Die WP-Fahrwerkskomponenten sowohl der Husqvarna als auch der KTM gehören zum Besten, was ab Werk in ein Serienmotorrad verbaut wird. Dennoch spricht die 701 im Gelände ein Alzerl feiner auf Unebenheiten an, was unter anderem auch den mit 275 Millimetern längeren Federwegen geschuldet sein dürfte. Doch auch 24 Zentimeter bei der KTM 790 Adventure R sind für derbes Terrain jederzeit ausreichend und die 17 Millimeter geringere Bodenfreiheit als bei der Husqvarna (280 Millimeter) ist im „Gehackten“ selten entscheidend über Sieg oder Niederlage.

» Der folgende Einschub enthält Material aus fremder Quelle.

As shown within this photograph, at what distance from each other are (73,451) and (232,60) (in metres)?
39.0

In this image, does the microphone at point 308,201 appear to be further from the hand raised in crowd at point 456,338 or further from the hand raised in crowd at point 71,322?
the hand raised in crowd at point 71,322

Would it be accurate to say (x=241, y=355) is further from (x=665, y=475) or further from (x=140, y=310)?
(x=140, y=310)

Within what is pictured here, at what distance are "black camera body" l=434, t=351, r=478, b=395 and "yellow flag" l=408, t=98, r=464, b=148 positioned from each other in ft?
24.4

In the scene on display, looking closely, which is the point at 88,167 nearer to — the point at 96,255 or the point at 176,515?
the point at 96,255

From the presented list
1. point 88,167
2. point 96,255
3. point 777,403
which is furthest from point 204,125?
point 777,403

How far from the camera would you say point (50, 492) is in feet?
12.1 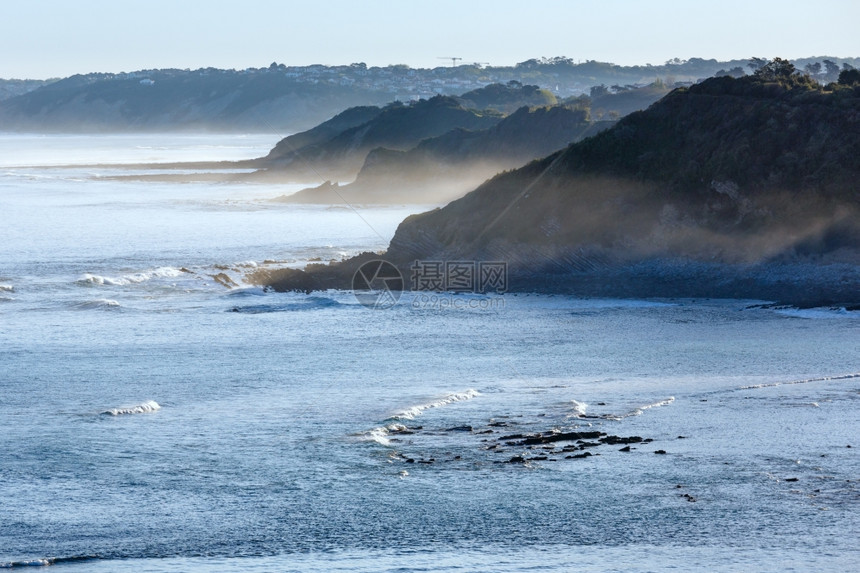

Wo viel Licht ist, findet sich bekanntlich auch Schatten – und so muss sich die Husqvarna 701 Rallye gegenüber der KTM auch einige Nachteile eingestehen. Bei 95 Zentimeter Sitzhöhe thront der Zweiradabenteurer auf der Husqvarna sieben Zentimeter höher im Sattel als auf der KTM, obendrein ist der Schwerpunkt an der 790 Adventure wegen der eigenwilligen Position des Treibstoffreservoirs deutlich tiefer positioniert. So pflügt die üppige KTM stabil und stoisch durch weichen Boden und lässt sich unerwartet leichtfüßig durch enge Passagen dirigieren. Ebenfalls flink im langsamen Slalom (allein schon wegen ihrer geringeren rotierenden Massen im Motor) ist zwar auch die hochbeinige, schlanke Husqvarna 701, wegen des Zusatztanks und des aufragenden Rallye-Towers wächst die Kippgefahr aber weiter.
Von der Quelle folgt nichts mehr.